Opps! I accidentally allowed my battery cables to come in contact with the opposite terminals of the battery. Big spark! Both of the 40 amp fuses blew. When replaced, I find that not all of the power is working. I am missing power to the radio, TV, and CO2 detector, however, there seems to be no fuses blown. When hooked to land power, the TV works. All of the lights work, as well as the fridge. Any suggestions?


----------



## CdnOutback

Check the inline fuse for the radio... behind the stereo. Ask me how I know... NOT!
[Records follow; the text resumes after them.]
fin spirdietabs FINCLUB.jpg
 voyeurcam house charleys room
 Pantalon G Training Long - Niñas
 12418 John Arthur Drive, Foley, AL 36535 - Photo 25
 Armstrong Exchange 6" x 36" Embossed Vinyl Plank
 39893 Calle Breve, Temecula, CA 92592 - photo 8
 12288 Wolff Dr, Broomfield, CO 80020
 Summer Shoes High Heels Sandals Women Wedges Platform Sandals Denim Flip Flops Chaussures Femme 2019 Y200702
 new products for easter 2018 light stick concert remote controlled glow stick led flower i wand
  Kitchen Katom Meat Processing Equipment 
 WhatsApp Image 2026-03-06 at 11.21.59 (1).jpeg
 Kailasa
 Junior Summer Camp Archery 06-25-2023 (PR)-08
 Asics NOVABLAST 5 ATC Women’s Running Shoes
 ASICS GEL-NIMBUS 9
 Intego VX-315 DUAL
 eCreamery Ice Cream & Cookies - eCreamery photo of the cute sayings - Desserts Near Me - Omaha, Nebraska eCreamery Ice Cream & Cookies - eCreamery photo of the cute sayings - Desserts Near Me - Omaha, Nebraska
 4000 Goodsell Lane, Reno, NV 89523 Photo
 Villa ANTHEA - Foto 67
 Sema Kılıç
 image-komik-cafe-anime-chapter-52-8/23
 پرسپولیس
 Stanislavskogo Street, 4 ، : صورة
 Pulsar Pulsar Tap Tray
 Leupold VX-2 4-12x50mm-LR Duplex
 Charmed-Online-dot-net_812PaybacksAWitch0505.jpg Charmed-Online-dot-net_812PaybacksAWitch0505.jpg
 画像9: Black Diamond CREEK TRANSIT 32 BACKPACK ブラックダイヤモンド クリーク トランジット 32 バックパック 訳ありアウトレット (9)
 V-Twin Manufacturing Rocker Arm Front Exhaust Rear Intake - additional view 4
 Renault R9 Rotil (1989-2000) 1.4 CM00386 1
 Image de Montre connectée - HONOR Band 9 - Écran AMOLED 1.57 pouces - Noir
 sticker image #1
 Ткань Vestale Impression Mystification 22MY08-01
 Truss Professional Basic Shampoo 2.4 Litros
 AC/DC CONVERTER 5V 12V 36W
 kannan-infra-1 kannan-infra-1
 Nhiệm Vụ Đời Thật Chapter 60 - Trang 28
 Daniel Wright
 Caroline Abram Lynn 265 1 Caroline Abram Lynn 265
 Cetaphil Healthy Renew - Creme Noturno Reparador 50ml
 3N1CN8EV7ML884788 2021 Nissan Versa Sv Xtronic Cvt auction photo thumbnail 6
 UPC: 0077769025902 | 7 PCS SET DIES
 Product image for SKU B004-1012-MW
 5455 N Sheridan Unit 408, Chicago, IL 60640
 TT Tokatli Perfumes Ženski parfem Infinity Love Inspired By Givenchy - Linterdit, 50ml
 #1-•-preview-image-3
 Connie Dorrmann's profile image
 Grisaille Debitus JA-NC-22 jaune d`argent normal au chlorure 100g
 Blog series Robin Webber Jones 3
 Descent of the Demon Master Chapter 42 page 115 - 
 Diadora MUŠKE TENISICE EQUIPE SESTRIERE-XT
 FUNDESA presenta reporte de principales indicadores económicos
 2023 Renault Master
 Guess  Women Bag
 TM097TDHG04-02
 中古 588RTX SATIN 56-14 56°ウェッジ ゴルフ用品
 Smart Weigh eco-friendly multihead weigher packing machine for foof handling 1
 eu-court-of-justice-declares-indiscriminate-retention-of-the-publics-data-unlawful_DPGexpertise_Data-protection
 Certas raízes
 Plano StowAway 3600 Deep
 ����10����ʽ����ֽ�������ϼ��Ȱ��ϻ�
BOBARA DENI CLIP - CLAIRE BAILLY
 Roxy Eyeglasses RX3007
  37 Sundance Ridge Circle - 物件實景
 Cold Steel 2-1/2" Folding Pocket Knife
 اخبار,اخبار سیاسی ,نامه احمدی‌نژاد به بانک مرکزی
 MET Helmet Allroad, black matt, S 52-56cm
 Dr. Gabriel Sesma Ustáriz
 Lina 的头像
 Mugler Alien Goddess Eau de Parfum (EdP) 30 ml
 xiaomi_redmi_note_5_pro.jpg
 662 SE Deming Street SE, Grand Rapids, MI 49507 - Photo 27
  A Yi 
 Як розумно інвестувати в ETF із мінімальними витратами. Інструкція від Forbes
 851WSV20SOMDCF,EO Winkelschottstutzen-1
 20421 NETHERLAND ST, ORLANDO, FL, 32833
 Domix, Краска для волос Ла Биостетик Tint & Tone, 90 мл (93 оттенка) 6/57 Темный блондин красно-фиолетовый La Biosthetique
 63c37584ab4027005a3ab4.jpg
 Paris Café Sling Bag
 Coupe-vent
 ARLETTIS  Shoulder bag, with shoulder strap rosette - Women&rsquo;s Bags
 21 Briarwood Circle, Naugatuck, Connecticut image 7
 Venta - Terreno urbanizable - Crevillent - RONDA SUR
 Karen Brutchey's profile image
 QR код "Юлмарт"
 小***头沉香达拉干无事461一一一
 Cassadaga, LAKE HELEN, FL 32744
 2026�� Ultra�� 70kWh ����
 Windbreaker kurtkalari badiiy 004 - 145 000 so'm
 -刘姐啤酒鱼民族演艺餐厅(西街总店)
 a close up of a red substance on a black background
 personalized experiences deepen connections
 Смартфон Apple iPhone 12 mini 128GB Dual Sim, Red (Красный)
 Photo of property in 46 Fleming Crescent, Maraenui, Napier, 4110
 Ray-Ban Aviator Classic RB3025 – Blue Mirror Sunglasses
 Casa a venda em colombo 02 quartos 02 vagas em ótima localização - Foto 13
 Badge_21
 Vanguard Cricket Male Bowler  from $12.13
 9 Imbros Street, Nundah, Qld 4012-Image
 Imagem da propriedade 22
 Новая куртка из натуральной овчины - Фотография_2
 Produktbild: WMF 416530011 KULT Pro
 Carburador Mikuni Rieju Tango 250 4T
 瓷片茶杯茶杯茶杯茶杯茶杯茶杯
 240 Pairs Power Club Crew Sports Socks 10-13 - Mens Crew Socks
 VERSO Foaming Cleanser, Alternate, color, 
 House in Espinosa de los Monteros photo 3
My TV doesn't work on battery. And I don't know about the CO2 detector.


----------



## spepi

I did the same thing, and last night I noticed the 2 - 40Amp fuses are blown, which are the slide out ones. I'll replace fuses today and report back. The issue is the battery cables are black and white, where the Black is the positive...they should have used the normal red and black cables...so its easy to cross connect black to ground


----------



## CamperAndy

spepi said:


> I did the same thing, and last night I noticed the 2 - 40Amp fuses are blown, which are the slide out ones. I'll replace fuses today and report back. The issue is the battery cables are black and white, where the Black is the positive...they should have used the normal red and black cables...so its easy to cross connect black to ground


Color coding is based on the more dangerous 120 vac system on the trailer with Black being hot and white being neutral (ground). This is not so obvious at the battery but pull the distribution panel open and how confusing do you think it would be with a mix of black and white wire on the ground buss.


----------



## KTMRacer

spepi said:


> I did the same thing, and last night I noticed the 2 - 40Amp fuses are blown, which are the slide out ones. I'll replace fuses today and report back. The issue is the battery cables are black and white, where the Black is the positive...they should have used the normal red and black cables...so its easy to cross connect black to ground


actually, automotive with red/black is the real odball. Virtually every other application, low or high voltage uses white as neutral or in the case of low voltage white for ground.


----------



## hoodscoop

Well, had you guys been a little more timely with your post, I wouldn't have to say, "add me to the list".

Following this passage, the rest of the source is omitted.